Réapprendre la vie… autrement

La vie n’est pas un long fleuve tranquille ; son parcours sinueux, tumultueux de temps à autre, se heurte parfois à des obstacles insurmontables qu’on ne peut que contourner. Le risque d’y « laisser des plumes », d’y perdre des illusions, d’en sorti meurtri, diminué est évident ; en retirer une autre vision des choses, des autres, de soi, n’est pas gagné d’avance ; réapprendre la vie autrement constitue alors un défi énorme. Pourtant y parvenir est une superbe victoire, qui rend plus fort, autrement, et ouvre de nouveaux horizons… Réussite acquise au terme de combats quotidiens réitérés et de petites victoires apparemment insignifiantes qui, accumulées, conduisent à la lumière au bout du tunnel. 

Afghanistan
A 22 ans, l’armée canadienne, au ordre du premier ministre Harper, image copie conforme d’un Bush mal inspiré, l’envoie en Afghanistan, dans la région de Kandahar, au sud du pays, où la rébellion talibane se fait chaque jour plus meurtrière . Il y découvre ce coin montagneux du bout du monde, aux mains, en dehors des villes, de religieux fanatiques, de chefs locaux barbares et de trafiquants de drogue que l’anarchie ambiante favorise dans leurs desseins les plus vils.
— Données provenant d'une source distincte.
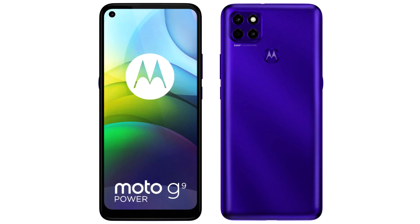The second novelty, the Moto G 5G, also received an ultra-modern design with a 48 MP main camera, 4 or 6 GB of RAM, and 64 or 128 GB of internal memory expandable with a memory card. It features a 6.7-inch display.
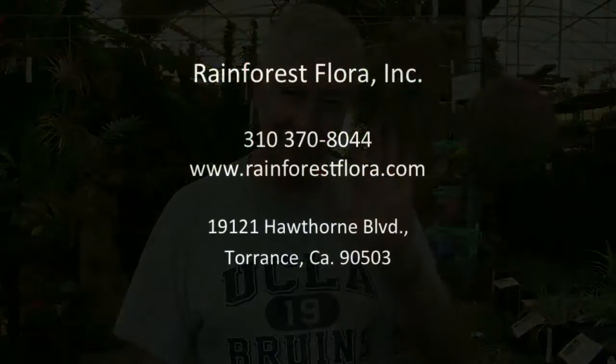That's it for today. Maybe we'll do another session on subgenus Diaphorantema because there are many really interesting miniature species. Have a wonderful day and weekend. The website is www.rainforestflora.com. Thank you everybody.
Avec une poignée de jeunes de son âge,  il doit contribuer à « construire la démocratie » comme le justifient les discours officiels… avec le succès (!!!) que l’on sait. 
Un jour, lors qu’un accrochage plus sérieux que les autres, notre québécois se retrouve face à face avec un Taliban, plus jeune que lui encore. L’un  et l’autre ont le fusil chargé, le doigt sur la détente. « C’était lui ou moi ; question de survie ; je n’ai pas eu le temps de réfléchir, j’ai tiré le premier, je l’ai tué ! ». Et persistent, dans ses oreilles, le bruit des armes mêlé au cri de son « ennemi » et, dans ses yeux, une vision d’horreur, une déchirure sur sa vie et ses certitudes, un brouillard épais de questions sur son avenir ! De quoi peupler ses nuits de cauchemars. 
Quelques semaines plus tard, il rentre au pays, sorte de zombie marqué à jamais, déboussolé, prostré, ne se livrant qu’à demi-mot. Puis, un mois plus tard, sans qu’aucune aide psychologique n’ait eu le temps de l’aider efficacement, il retourne là-bas, toujours pour « construire la démocratie » comme le répète Harper, très loin des combats, à l’abri dans ses bureaux, salons et réceptions à Ottawa. Bien loin, surtout de ce jeune soldat qui lorsqu’il reviendra, s’il en revient, devra, s’il le peut, réapprendre la vie, autrement !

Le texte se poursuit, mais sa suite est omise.